The course will discuss data mining and machine learning algorithms for analyzing very large amounts of data. The emphasis will be on MapReduce and Spark as tools for creating parallel algorithms that can process very large amounts of data.
Topics include: Frequent itemsets and Association rules, Near Neighbor Search in High Dimensional Data, Locality Sensitive Hashing (LSH), Dimensionality reduction, Recommendation Systems, Clustering, Link Analysis, Large scale supervised machine learning, Data streams, Mining the Web for Structured Data.
This course is modeled after CS246: Mining Massive Datasets by Jure Leskovec at Stanford University.
Reference Text
The following text is useful, but not required. It can be downloaded for free, or purchased from Cambridge University Press.

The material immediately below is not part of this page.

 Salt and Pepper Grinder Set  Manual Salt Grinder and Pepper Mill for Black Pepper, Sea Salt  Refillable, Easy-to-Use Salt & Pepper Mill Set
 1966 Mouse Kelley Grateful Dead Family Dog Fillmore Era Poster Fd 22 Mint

Leskovec-Rajaraman-Ullman: Mining of Massive Dataset
Prerequisites
Students are expected to have the following background:
- Knowledge of basic computer science principles and skills, at a level sufficient to write a reasonably non-trivial computer program (e.g., CS332, CS373 or equivalent are recommended).
- Good knowledge of Python and Java will be extremely helpful since several assignments will require the use of Spark/Hadoop.
- Familiarity with basic probability theory (any introductory probability course).
- Familiarity with writing rigorous proofs (e.g., CS311 or equivalent).
- Familiarity with basic linear algebra (e.g., Math 308 or equivalent).
- Familiarity with algorithmic analysis (e.g., CS332/CS373; CS417/CS421 would be more than necessary).
Students may refer to the following materials for an overview and review of the expected background. Related questions can be posted on EdDiscussion or during Office Hours.
- Probability and Proof Techniques
- Linear Algebra
- Spark Tutorial (a video is available through Stanford CS246)
Recordings of the recitations are available on Panopto. You will need to login using your UW netid in order to watch the videos. Note: the audio might be a little off, particularly in the Spark recitation video, due to technical difficulties.
Students may decide to enroll without knowledge of these prerequisites but expect an significant increase in work load to learn these concurrently (e.g. 10 hours per week per missing prerequisite as a rule of thumb).